Overdosed by this brief foray into the world I tottered back to bed.
That afternoon I was still burrowed under the covers when I heard the patter of many feet. Grudgingly, I opened my eyes and saw that all the Vietnamese had gathered around my bed. Before I knew it, several little hands were pulling down the covers and urging me up, their low murmuring voices calling me to them. Startled at this intrusion into my sanctuary of private grief, I lurched away. But this didn’t seem to offend them one bit, and they simply continued drawing me outward, dozens of feathery little fingers tugging-prodding-lifting, gathering me into my bathrobe, then forming around me like new skin. Supporting both of my elbows they folded me into their midst as we slowly made our way down the long corridor to the door. When we got outside, they pulled some chairs off to one side of the lounging porch, and we formed a tight little circle, pulling in against the war and the military and all the sorry circumstances that had brought us there.
We sat on that porch for about an hour, enjoying the shade from the midday heat, ensconced in our own world under the canopied veranda as the never-ending parade of wheelchairs, stumps, and hospital gurneys bustled around us. My new friends chattered away in their nasal sing-song Vietnamese, yet seemed to include me through beaming bright-eyed smiles and pats on the hand. The women and older girl were friendly, though physically reserved, but the kids quickly bounced out of their initial shyness and started climbing up on my lap. Sticking their faces into mine, touching my hands, my dog tags, my round eyes; screeching hilariously and pointing as they cocked their heads crookedly in imitation of my own. Over and over again, especially when I tried to communicate by sign language or pidgin Vietnamese, the whole group would break into fits of hysterical giggling as if I was the funniest thing they had ever seen. Mostly, they treated me like one of their own.

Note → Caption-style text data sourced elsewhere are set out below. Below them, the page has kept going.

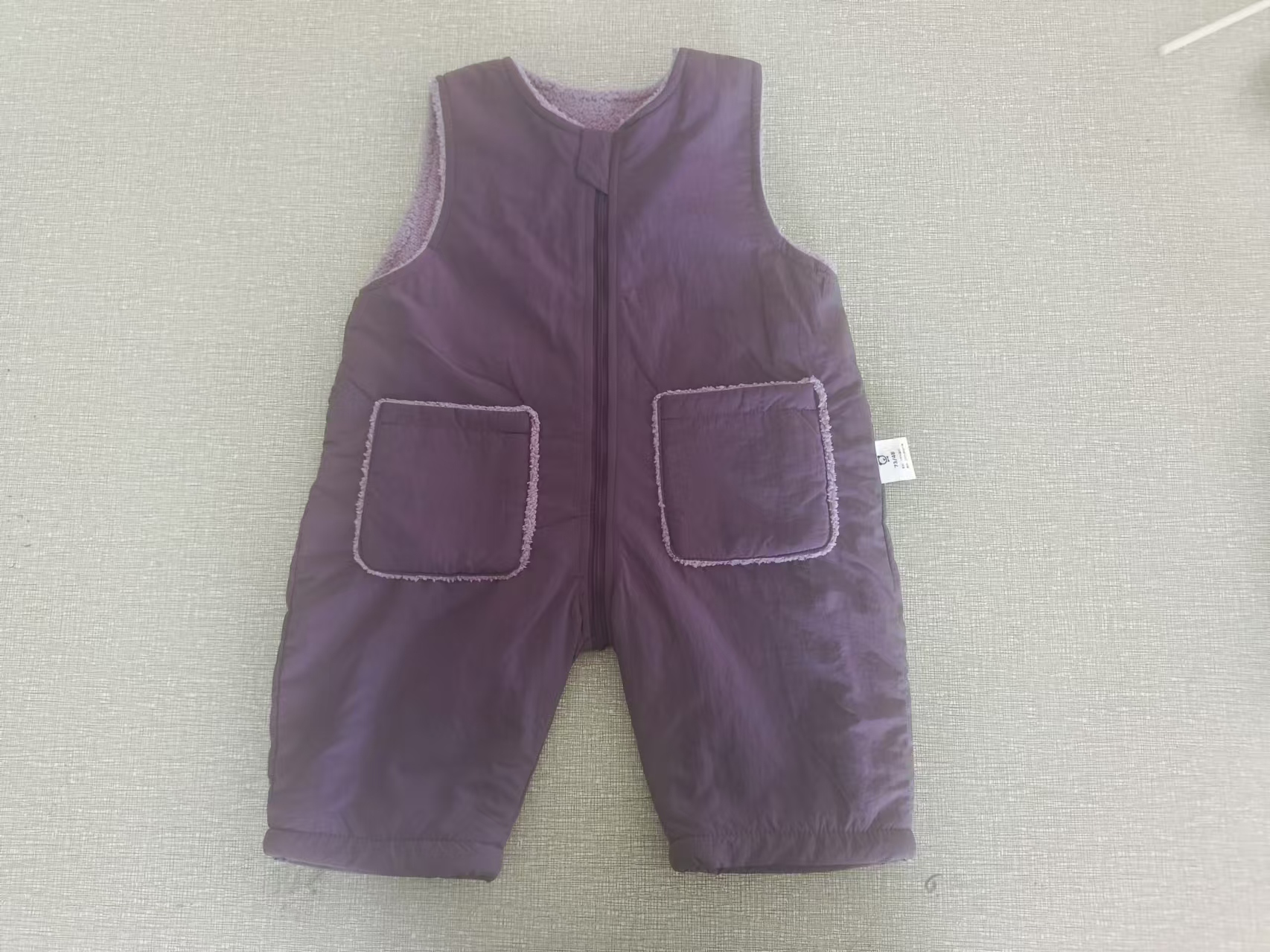 Triple-Layered Durable Purple Bibs with DuPont Fabric and Additional Fleece for Babies of Both Genders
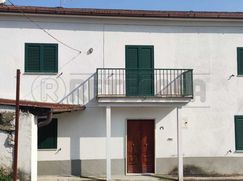 Casa Bi/Trifamiliare in Residenziale
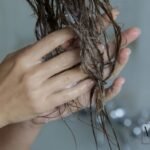 Produto que Alisa o Cabelo no Chuveiro: A Revolução da Progressiva de Chuveiro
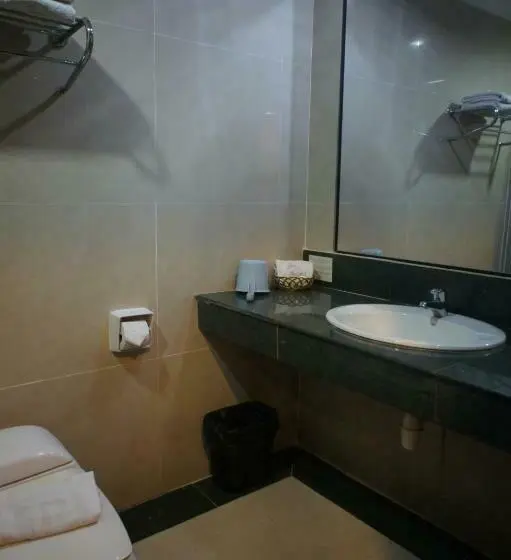 اتاق لوکس با تخت بزرگ, Tyng Garden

This ritual was repeated every day until I was shipped to Okinawa. In the morning I’d score candy and various knickknacks for the kids, and in the afternoon they’d all come to collect me from my reclusive hide-a-way. Sometimes my inertia was overwhelming, and I’d push them away, clinging to the dark undercover of my oblivion. But, like the first time, they breezed right through my feeble protests, clucking in soft insistence as their many-tentacled fingers peeled away the layers of isolation, guiding me back into the world.
We never did work out a way to speak––hardly a single word. But our contact created a true sanctuary in a world of insanity and violence. Their acceptance transformed my depression and, because of them, my last memories of Southeast Asia were ones of love and caring, rather than despair. I will always remember that sacred contact and, although the deepest scar I brought back from Vietnam was the inability to expect much goodness in anything, I live in the hope that our time together made some small difference in their lives, as well.